1946年3月22日的報道是這樣的:“就本月十七日從青島起飛的軍用飛機在南京附近被發現墜毀一事,國家軍事委員會調查統計局參謀長李崇詩,昨天(三月二十一日)從上海到達此地(南京)調查這架失事飛機的情況。據悉戴笠將軍也在那架飛機上。因此,所有部門都對他的安全表示了極度關切,但他的下落有關部門尚未確定。”
通過《大公報》的報道,我們也能看出當年軍統確實挺神秘的,連那么大的報紙,也會將李崇詩的職務寫成軍統似乎沒有的參謀長——筆者查閱資料,也沒發現軍統有參謀長一職,戴笠不在局里,負責的是主任秘書鄭介民或代理主任秘書毛人鳳——軍統先后有幾任掛名的局長,負責實際工作的副局長卻只有戴笠一個,鄭介民接班也沒被任命為副局長,而是直接當了正局長。
戴笠墜機,最高興的就是鄭介民,唐縱有點事不關己高高掛起,毛人鳳則是喜憂參半,當時的軍統,就像趙襄子、魏桓子、韓康子殺智伯瑤后的三家分晉,戴笠的密友、軍統局東北辦事處處長兼東北行營督察處處長、東北保安司令長官部督察處處長文強中將嚇得直接跑路:“軍統局內分為三派,相互爭得厲害,他們都要當局長,我看三派勢 力都很強,我如果再在這里搞,就會出問題。他們哪一派都會隨便把我打掉,我接近哪一派,都會有殺身之禍。”
文強離開軍統,已經被任命為正局長的鄭介民極力挽留,還給文強留了個“軍統設計委員會的中將委員”的職務,表示文強愿意“回來”也好有個去處,而剛被任命為副局長的毛人鳳就顯得虛情假意了。
文強在《口述自傳》中回憶:“我又到毛人鳳那里,毛人鳳的資格比我低,我已經是中將,他還是少將。他說:“你要離開,我們這里分成三塊了,還不曉得鹿死誰手,你也不參加到這里 頭來占一份?”
文強原本就是害怕卷入三巨頭之爭而丟了自己的人頭,又怎么會聽不出毛人鳳這頭笑面虎的話里藏著刀子?再想想戴笠死前的反常表現,文強是一刻也不敢再軍統多留了。
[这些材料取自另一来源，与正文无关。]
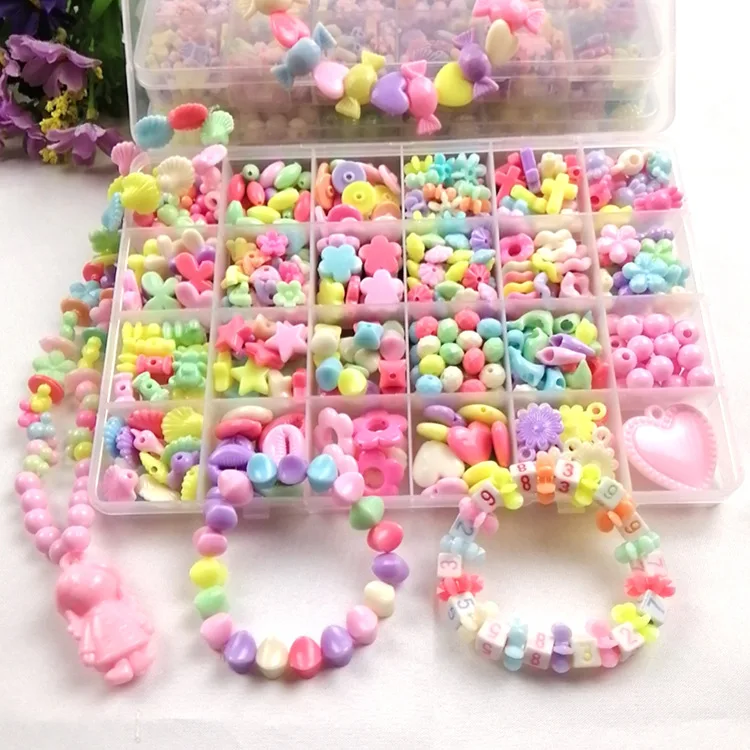 

Children's Beaded Toy Diy Kids Necklace Jewelry Bracelet Charms Pendant Handmade Material Bag, Picture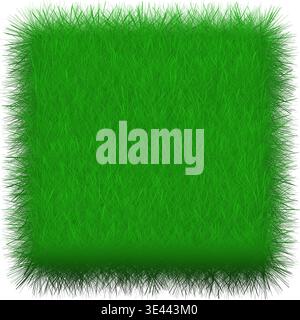 Textured Square Green Grass Patch Vector. Lush Lawn Turf Piece Illustration Isolated on Transparent Background Stock Vector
在沈醉回憶錄中,戴笠飛機“失聯”后,老蔣和毛人鳳都表現得很“焦灼”,但是在魏斐德和文強看來,戴笠之死絕沒有那么簡單,甚至連戴笠上飛機前幾天,就已經預料到自己“不得善終”。
文強在《戴笠其人》一書中說:“他在臨死前的一段時間里,精神非常煩惱苦悶,唯恐老蔣把他一腳踢開。他曾說過‘伴君如伴虎’,他這個做奴才的也不是一帆風順,幾次到了要被‘賜死’的關頭。”
魏斐德更是直言不諱:“在蔣介石政府中最招人恨的是戴笠將軍……美國戰略情報局在飛機上安置了炸彈,飛機在飛到5000英尺高度時尾部爆炸了。”
戴笠跟美國海軍的關系很好,但是跟戰略情報局顯然跟老蔣的夫人走得更近,就連當年老蔣的空軍、民航,也跟老蔣的夫人有著密切的聯系,據說戴笠“專機”忽然換了駕駛員,就是“航空委員會”秘書長、蔣系“航空之母”的授意。
戴笠墜機,文強和魏斐德都是事后才得到的消息,當時在軍統局本部當總務處少將處長的沈醉,則跟毛人鳳一起拜見老蔣,并表示自己可以跳傘去搜尋戴笠。
據沈醉回憶,當時老蔣急得夠嗆:“以往去見蔣介石總是要等很長時間,但這次一通報,蔣介石馬上接見……當我們向他敬禮告辭后,他居然把我們送到辦公室門口,并且緊緊盯住我的眼睛,伸出手來,很用力地和我握了一下,仿佛在說:好好干!這次就看你的了!——這是過去見他從來沒有過的。”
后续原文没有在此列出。